|
|
Sampling Vector Polygon Data using a Point Grid Overlay
Using elements of the R sp package to extract attribute values at regular intervals from a vector polygon map using a regularly-spaced point grid
Bailey's Ecoregions for the continental United States delineate areas of common climactic and vegetation characteristics across the continent. They are available as a digital spatial dataset (various formats) from from the United States National Atlas data portal. An NCEAS scientist wished to generate a regularly-spaced grid covering the entire map, and then assign the underlying Ecoregion code to each grid location. Further, they wished to vary the spatial resolution of this grid order to create sample the polygon data at different spatial frequencies. A straightforward geospatial processing task, that until the advent of the R geospatial processing tools, required a full-scale Geographic Information System (GIS) to perform. Now, we can produce the required results using functions in the sp and PBSMapping packages.
In this Use Case we will work through the process of reading, computing, and displaying the input Bailey's Ecoregions file and the spatial datasets derived from this map.
Click here to download the source code and sample data used in this example.
Read and Display Vector Polygons: Bailey's Ecoregions Map
On the left is a display of the Bailey's Ecoregions polygons. On the right is the R code used to set up the R graphics environment and display the regions in map form. Note: The PBSMapping package methods are tailored to the display of multi-layer spatial data sets in that it is easy to 'stack' calls to the routines to generate a single multi-dataset (e.g., points-over-polygons) diagrams. In addition, they provide axis labels and map 'tic-marks' by default. There is a tradeoff: The map data need to be converted into PBSMapping-specific objects (e.g., the PolySet) before creating the diagram. PBSMapping provides methods for making this conversion, of course.
 |
SampleBaileysEcoRegions <- function()
{
library(sp)
library(PBSMapping)
#
# Read ESRI Shape File into SpatialPolygonsDataFrame
# This produces a SpatialPolygonsDataFrame.
#
EcoRegion = readShapePoly("BaileysEcoRegionsConusGP")
#
# Use PBSMapping routines to generate nice spatial object plots
# Note: This requires data conversion to a PBSMapping PolySet.
#
EcoRegionPS = SpatialPolygons2PolySet(EcoRegion)
#
plotPolys(EcoRegionPS,xlab="W Longitude",ylab="N Latitude")
#
|
Extract and Use Subset of Baileys Ecoregion Attributes for Use Case
The Baileys Ecoregion polygons have nine descriptive attributes. We will extract three - ECO_US, ECO_US_ID, ECO_CODE - for use in this example.
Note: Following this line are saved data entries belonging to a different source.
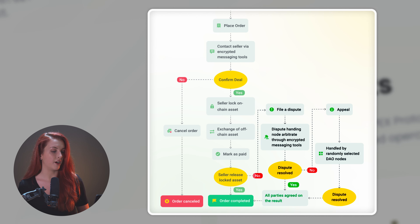A node arbitrator or a randomly selected DAO node will help you work it out until all parties agree on the result. So, we spoke quite a bit about the project itself and now let's top up this review by going through the use cases of the PairDAO token PEX.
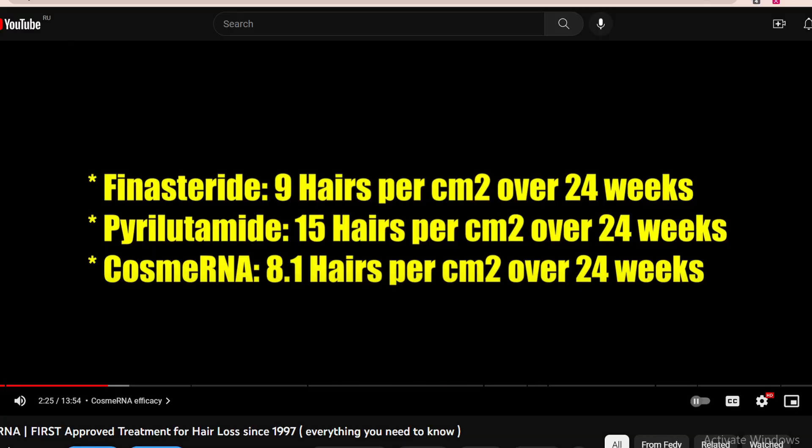Regarding why the company changed the recommendations, I'm not sure — maybe they changed the concentration, perhaps to 10 milligrams per milliliter, or maybe they gathered further long-term data concluding that once every two weeks is sufficient. As a quick reminder, the efficacy of CosmoRNA over 24 weeks was about 80% of the efficacy of finasteride, which was approximately 8.1 hairs per square centimeter improvement — but you can double-check me on that.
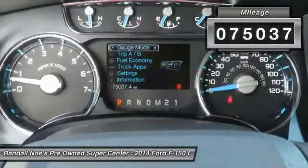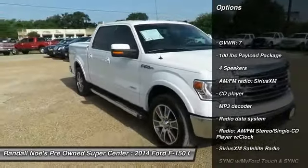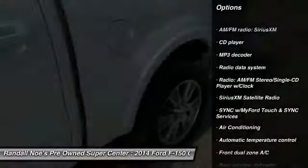Here are some of this vehicle's great options: traction control, power passenger seat, dual airbags, air conditioning, leather wrapped steering wheel, power steering.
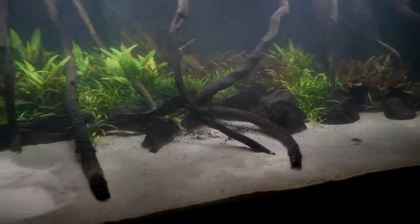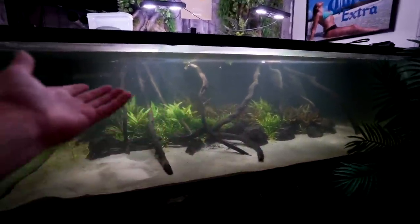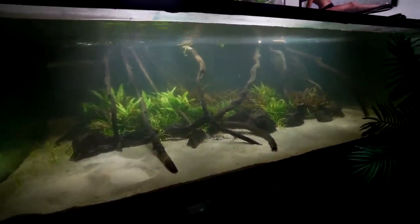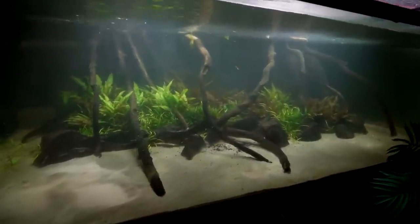Anyway, hope you guys enjoyed the video. My 700-gallon piranha aquarium with 30 red belly piranha — they're obviously not very visible right now, which is a bit embarrassing. But hope you enjoyed the video and I'll see you guys in the next one.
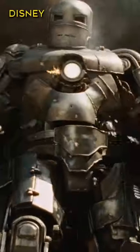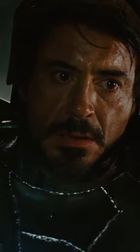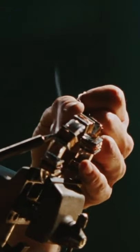Iron Man's first suit was clunky and awkward, but man, did it get the job done. We all know the story: Tony was captured by the Ten Rings, they told him to build a missile, and he instead built a suit of armor to escape, and things just kind of escalated from there. Way to go, Ten Rings. That's what you get for giving a genius inventor plenty of tools to play with.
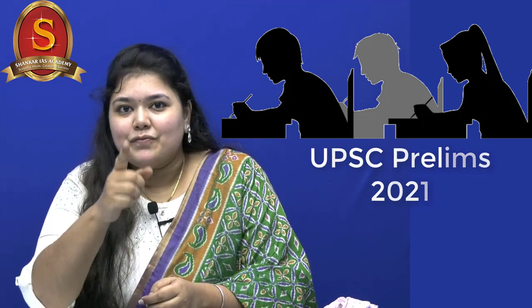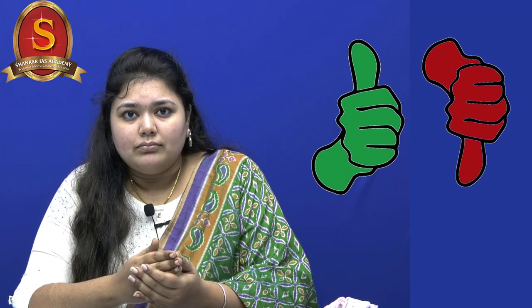Hello viewers and aspirants, welcome to Shankar IAS Academy's special session in the series 'Cracking UPSC the Right Way.' If you are someone who is going to attend Prelims 2021, which is happening tomorrow, then this video is for you. In this series we address the common questions and doubts that UPSC aspirants have while preparing, and today we are going to address the issue of negative marking.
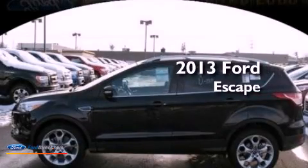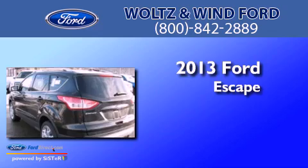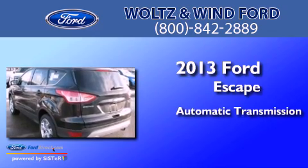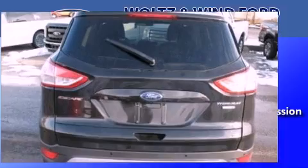This is a brand new 2013 Ford Escape. This crossover has an automatic transmission, an inline four-cylinder engine, and four-wheel drive.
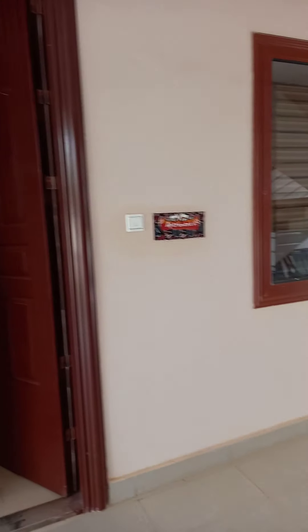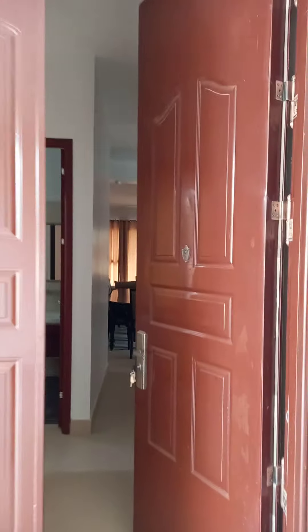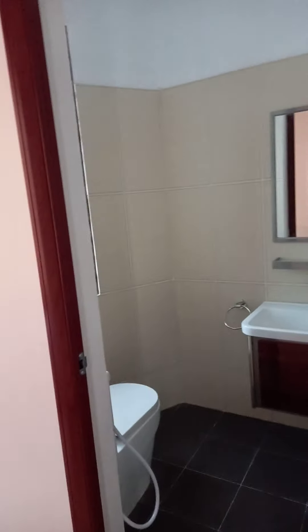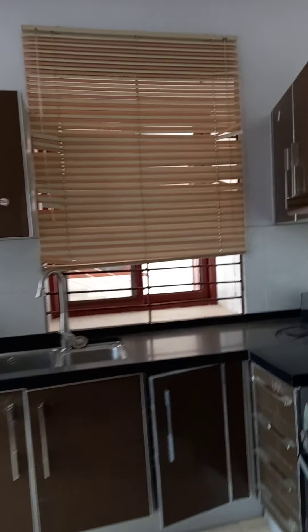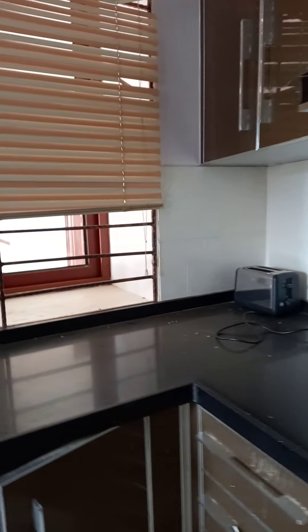This is a very nice furnished apartment — really tall ceilings, very modern amenities. It comes furnished and has all the appliances: a gas range, washer, dryer.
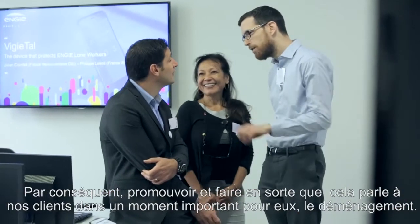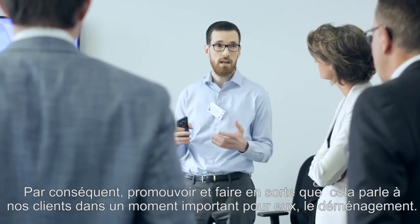So promoting upselling and cross-selling, and doing this in a way that we reach customers and talk to them at a very important moment for them, which is moving house.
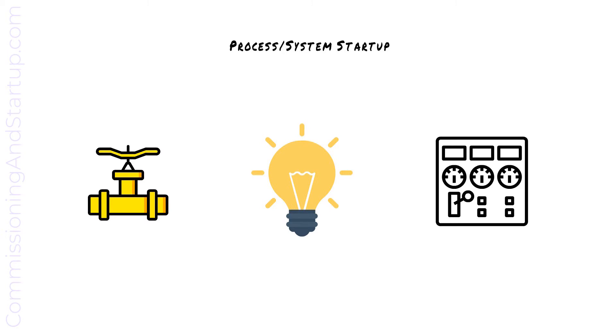The equipment undergoes analysis at each stage and startup checklists are completed. The consultant, subject matter expert, and client will want to witness each stage of startup.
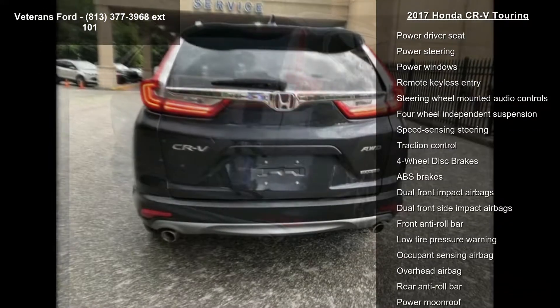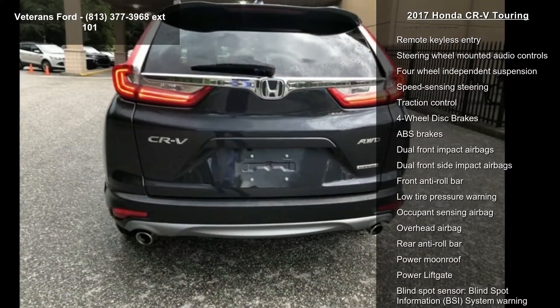Air Conditioning, Automatic Temperature Control, Front Dual Zone AC, and Rear Window Defroster.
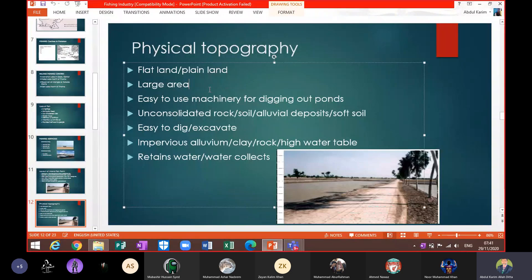These are some of the physical topographical features that help in the construction of fish ponds. In past papers, this question carries four marks, so writing four strong points will get you four marks.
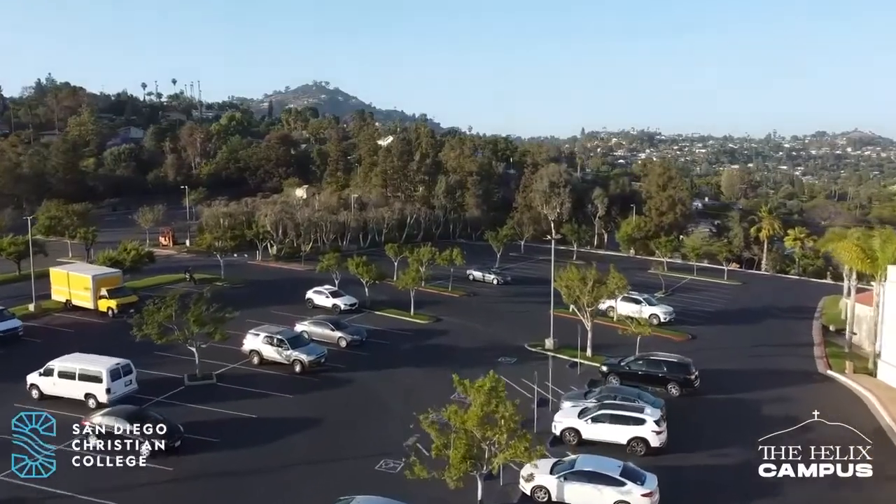My favorite part about campus is that it is so beautiful. Fun fact — the campus has just a little bit under 400 trees, and there are tons of places for you to study, chill, relax, or even set up a hammock.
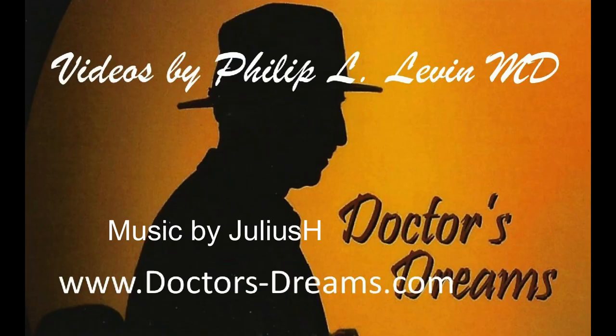I hope you enjoyed my YouTube videos. Please subscribe and perhaps visit my website.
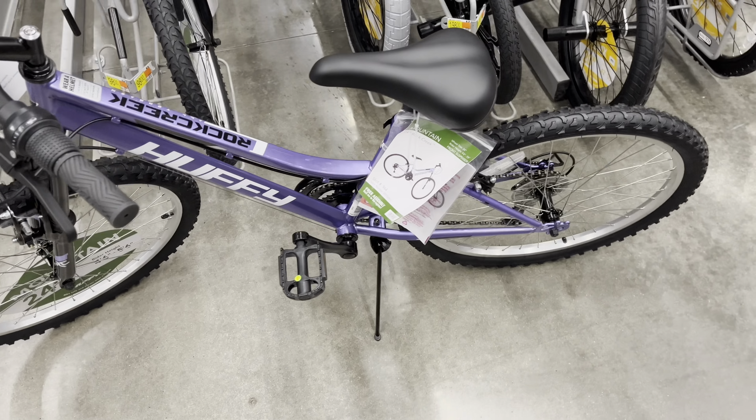Alright guys, that is a wrap for this video. Hope you enjoyed it, and hopefully you got to see a little bit of this bike if you're looking towards one. I will see you in the next video on Rubikid. See you later, bye.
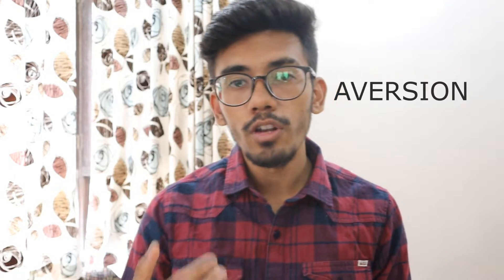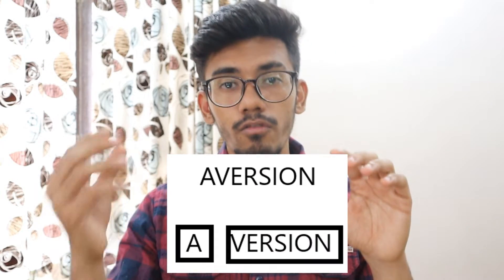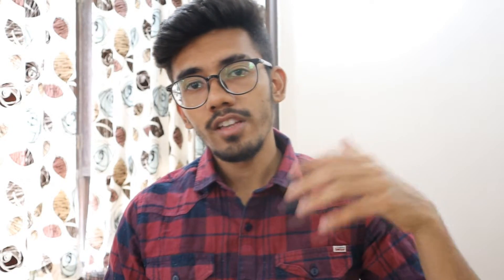Mnemonics work like this: take the word 'aversion,' whose meaning is intense dislike or hatred. The word mnemonic is to divide the word into two parts — 'a' and 'version.' Imagine you've installed a new software on your laptop and you do not like this version — you have intense dislike towards it. So 'aversion' means you don't like the software's new version. There are also visual mnemonics, as you can see on the screen now — a man showing intense dislike through his expressions. I personally used word mnemonics much more than visual mnemonics.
The ECO_CODE attribute will be sampled using the point grid that we will create in the next step. On the right is the R script, on the left is a portion of the reduced Data component
'data.frame': 1690 obs. of 3 variables:
$ ECO_US_ : num 1246 1247 1248 1249 1250 ...
$ ECO_US_ID: num 135 136 1402 15 1403 ...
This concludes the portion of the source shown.